Closed xjiangan closed 4 months ago

xjiangan commented 4 months ago

Hi Johan,

First of all, I want to express my gratitude for your recent contributions to the field, particularly your papers DKM and RoMa. They have been a great source of inspiration and motivation for my own research endeavors.

However, while reviewing the accompanying code implementation, I noticed some discrepancies regarding the Coordinate Embedding with random Fourier features because of the default behaviour of pytorch.

Issue Details

In the paper, it's stated that the entries for Fourier basis frequencies are sampled from a normal distribution. It is implemented using a Conv2d layer in pytorch. However, I found that the default initialization for Convolutional weight is Kaiming uniform.
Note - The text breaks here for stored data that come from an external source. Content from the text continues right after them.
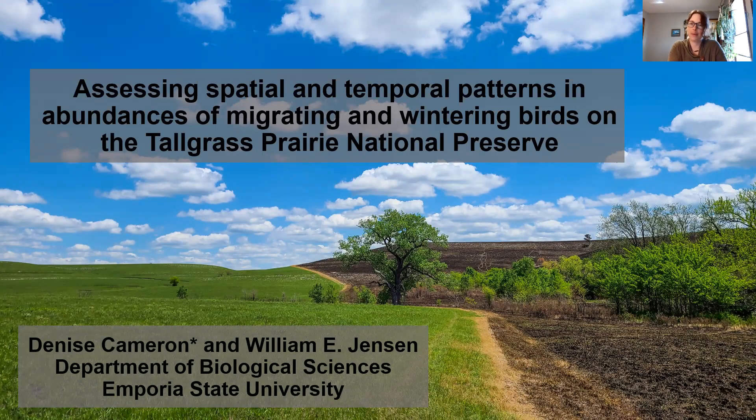Hello everyone, my name is Denise Cameron and I'm a graduate student at Emporia State University working with Dr. William Jensen. Thank you so much for taking the time to watch my presentation and for your interest in our research. We're assessing spatial and temporal patterns and abundances of migrating and wintering birds on the Tallgrass Prairie National Preserve.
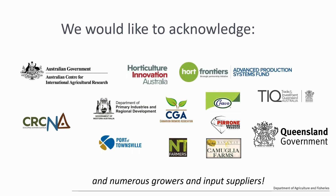I would like to thank the funding organizations that have been supporting our projects, and also key producers, input and service suppliers, and numerous growers that have helped us in this journey. Thank you very much.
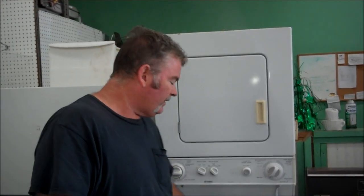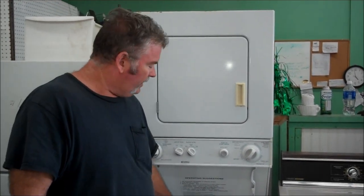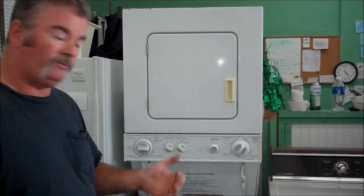If you're looking for a way to save some space and you don't have a real big family, this could be the machine for you. It does run on 220 power — that's the real big plug.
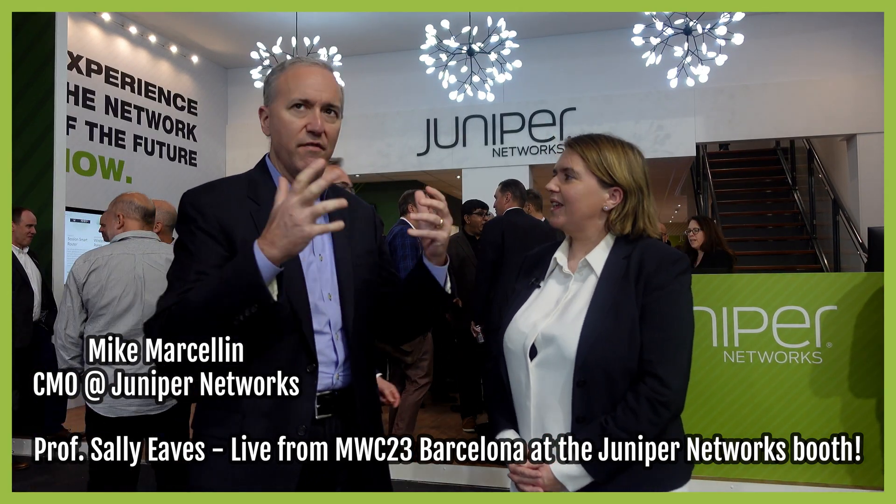I think it's a fantastic development. Absolutely, you're absolutely right. Sustainability is probably the theme of this event, and certainly something that Juniper is extremely focused on.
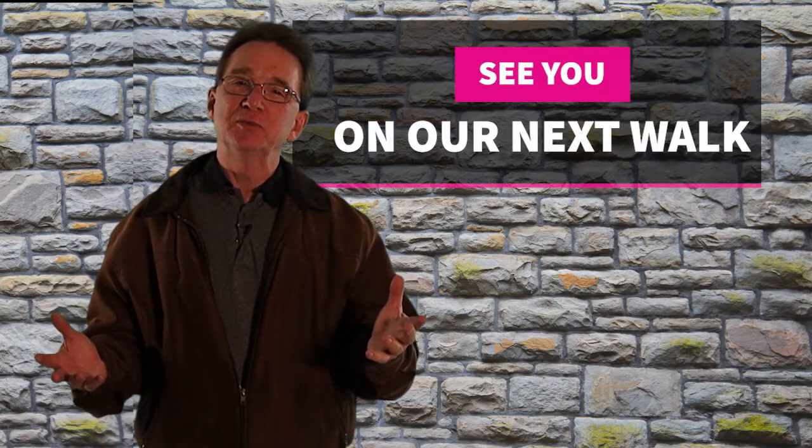Thank you for joining us on our Daily Neighborhood Walk. Please like and share this video and subscribe to our YouTube channel. If you're even considering buying or selling real estate in the next couple years, you'll want to stay informed. If there's an area you'd like us to visit or a neighborhood you'd like us to check out, let us know in the comments. See you next time.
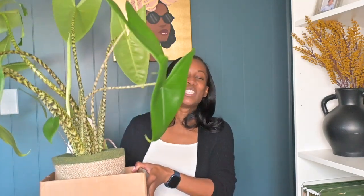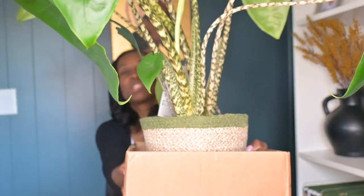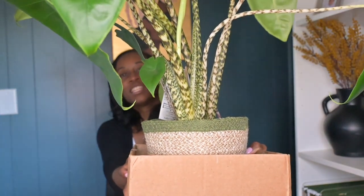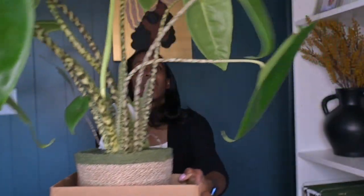I got another alocasia zebrina. I've had this plant in the past — I want to say maybe two years ago — I bought it and it was almost as full as this one. It's a beautiful plant. I'm going to bring it in a little bit closer so you can see what I'm talking about. Look at the stem — the stem is a showstopper. The stem is the reason why a lot of us probably gravitate towards this plant. It is absolutely gorgeous.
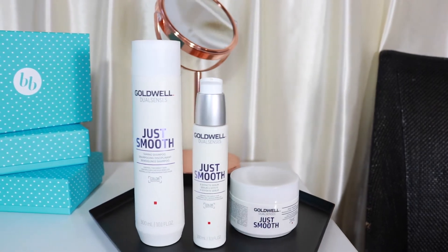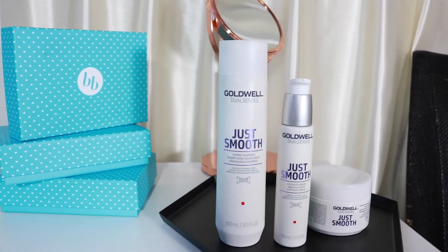So we're going to introduce you to a range from Goldwell, one of our favorite brands that's just been relaunched, called DualSenses. The DualSenses range has been around for a little while and it's quite an iconic range, but it's recently been reformulated. It has about 36 products and regardless of what kind of hair type you have, Goldwell have it covered.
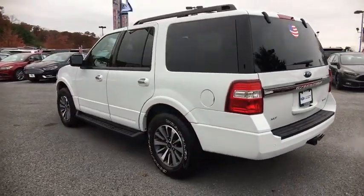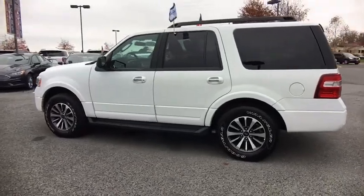Four-piece floor mat set. If you like it online, you'll love it in your driveway. Take it for a spin today.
In addition, I found that the Fourier basis frequencies are part of trainable parameters instead of fixed sampling in a previous work

I've visualized the histogram of the pretrained pos_conv weights image

with the following code:

import torch
from torch import nn

from dkm import DKMv3_outdoor
from roma import roma_outdoor

import matplotlib.pyplot as plt
import seaborn as sns
sns.set_style('darkgrid')

device = torch.device('cuda' if torch.cuda.is_available() else 'cpu')
dkm_weight=DKMv3_outdoor(device=device).decoder.gps['16'].pos_conv.weight.detach().cpu().numpy()
roma_weight=roma_outdoor(device=device, coarse_res=560, upsample_res=(864, 1152)).decoder.gps['16'].pos_conv.weight.detach().cpu().numpy()
random_weight=nn.Conv2d(2, 256, kernel_size=(1, 1), stride=(1, 1)).weight.detach().cpu().numpy()

plt.figure(figsize=(8,5))
plt.hist(random_weight.flatten(), bins=25, alpha=0.5,density=True, label='Init',range=(-1.5,1.5))
plt.hist(roma_weight.flatten(), bins=25, alpha=0.5,density=True, label='ROMA',range=(-1.5,1.5))
plt.hist(dkm_weight.flatten(), bins=25, alpha=0.5,density=True, label='DKM',range=(-1.5,1.5))
plt.legend()
plt.title('Histogram of the weights pos_conv')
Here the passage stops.